It had been too long since I’d had a good milk shake. When I was growing up in New England, I lived for those thick, creamy treats: the orange frosteds from the local Friendly’s, sipped through two straws after a high-school dance; the root beer-spiked brown cows at the diner on Main Street; the frothy pink shakes my mother and I would whip up after a day of strawberry picking. But, like so many things that slip away with the passing of youth, my milk shake obsession gradually waned as I turned to more-mature refreshments. Then I came across a new book by a Boston-based writer and milk shake connoisseur named Adam Ried; it’s called Thoroughly Modern Milkshakes (Norton, 2009), and it has caused my love of milk shakes to blossom anew.

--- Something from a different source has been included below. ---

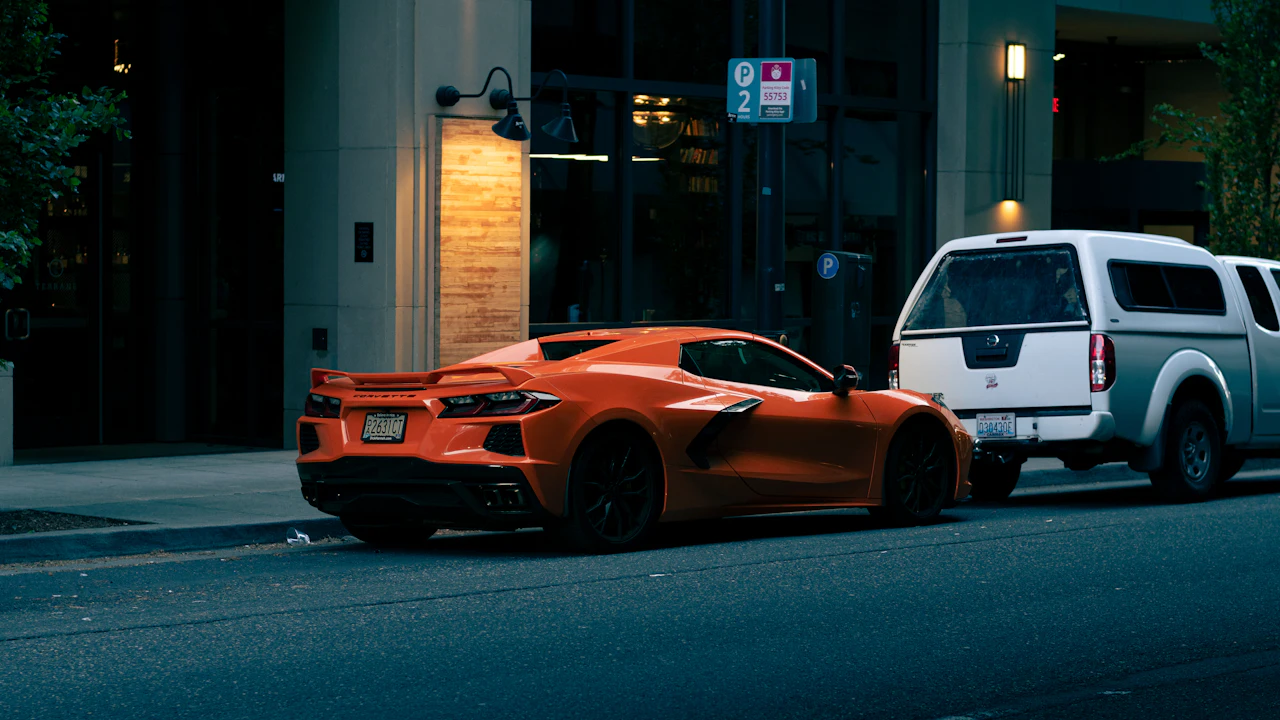 Orange sports car parked on a street at night.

Ried’s book approaches the milk shake with an ardor usually reserved for more-highfalutin culinary subjects: there are sections devoted to the finer points of shake making (like adding jam to a fruit shake to boost flavor), equipment (he tested a dozen electric blenders), and farm-fresh ingredients (“Not many people think of milkshakes when they see a bin of cucumbers,” Ried writes, “but maybe they should”). I delighted in finding recipes for old classics, like the chocolate and vanilla layered shake known as a black-and-white, as well as decidedly more-grown-up combinations, like coffee shakes spiked with star anise and cinnamon. There are also descriptions of milk shake traditions around the world, like the creamy avocado version popular across Asia. Thumbing through the milk shake history and lore made me realize that, having read all about burgers, barbecue, and other iconic American foods, I still had plenty to learn about the good old shake.

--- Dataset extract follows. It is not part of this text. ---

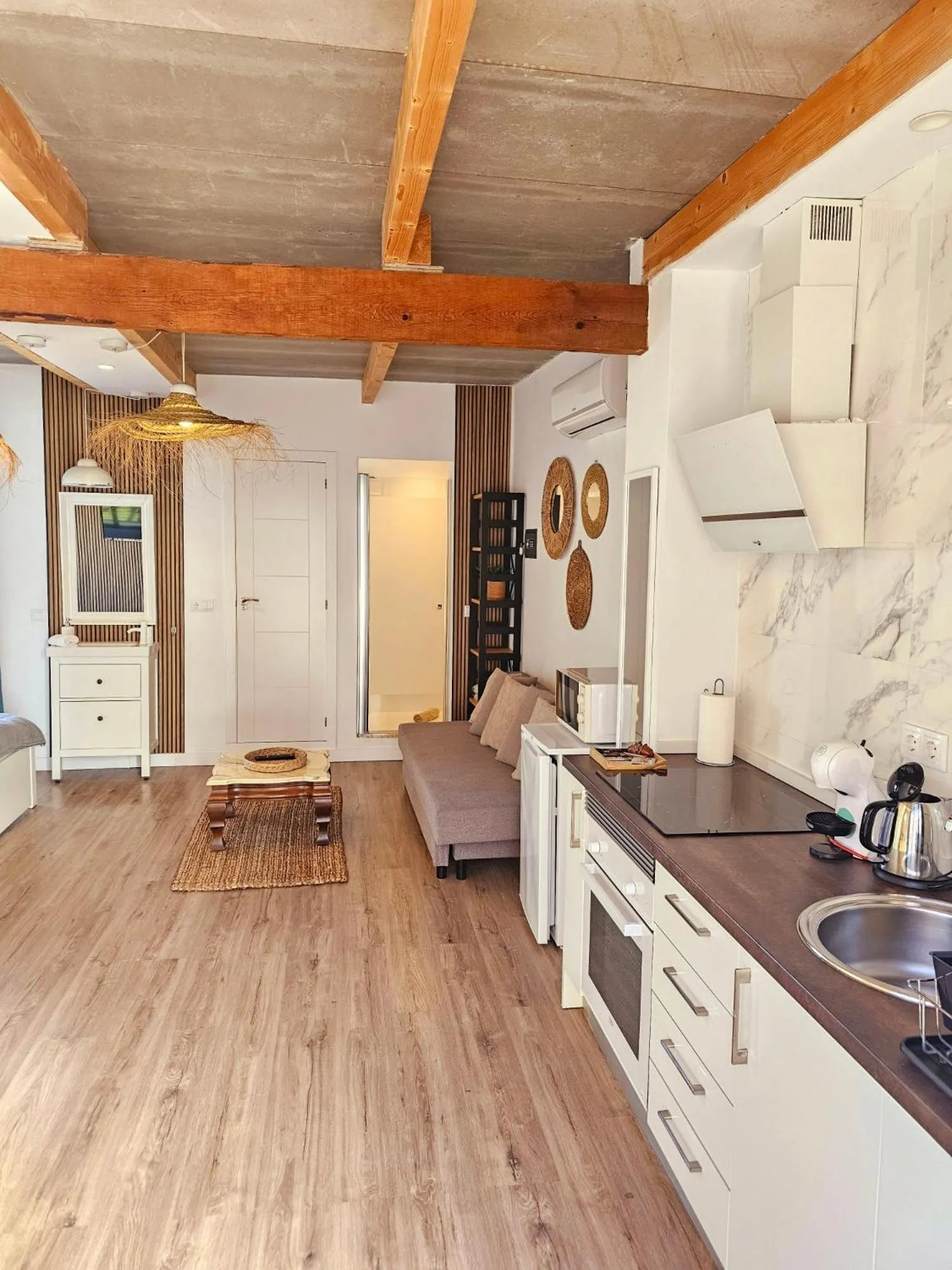 Kitchen or kitchenette in Apartamentos de la Huerta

Like carbonated soda, that other fountain shop staple, the milk shake, in its early forms, was once more a tonic than a treat, Ried explains. During the Victorian era, restorative milk drinks—such as koumyss, a Mongolian fermented milk beverage—were all the rage at fashionable spas in England and America, and eventually drugstores started serving “healthful” blends of milk, shaved ice, and, often, whiskey. Indeed, in an old primer for druggists published in 1897 called The Standard Manual of Soda and Other Beverages, given to me by a friend who knew of my love of shakes, I found recipes for milk shakes fortified with everything from eggs to Angostura bitters. Eventually, alcohol fell out of favor, and the Prohibition-fueled demand for soft drinks inspired a burst of inventiveness among soda jerks: pharmacies jockeyed to coin signature drinks and to install the latest gadgets, most notably the Hamilton Beach Drinkmaster, an appliance equipped with a blending stick and removable cup that made it easy for operators to mix shakes to their desired thickness. (Ray Kroc, the father of the McDonald’s restaurant franchise, got his start as a salesman of milk shake machines.) As Ried points out, the aeration caused by mechanical mixing gave shakes a creamier texture, and by the 1920s, many shops were gilding the lily by replacing shaved ice with another popular treat: ice cream.

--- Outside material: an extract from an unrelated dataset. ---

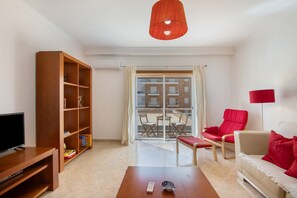 Un salon avec un téléviseur, une bibliothèque en bois, un fauteuil rouge, un canapé et une lampe rouge.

I was fascinated to learn from Ried’s book that two of the most important developments in the history of the shake both took place in the town of Racine, Wisconsin. There, in 1883, William Horlick patented malted milk powder, the ingredient that distinguishes the especially rich and flavorful subset of shakes called malteds (see Precious Powder). It was also in Racine, in 1922, that a Polish immigrant named Stephen Poplawski introduced the electric home blender, which allowed virtually anyone to whip up thick shakes with ease.
Rooting around in my parents’ basement recently, I found the old blender that served our family so steadfastly throughout my childhood summers. I dusted it off and treated myself to Ried’s sublime strawberry shake. One sip, and it all came back: sunshine, Mom, and the sweet sting of an ice cream headache.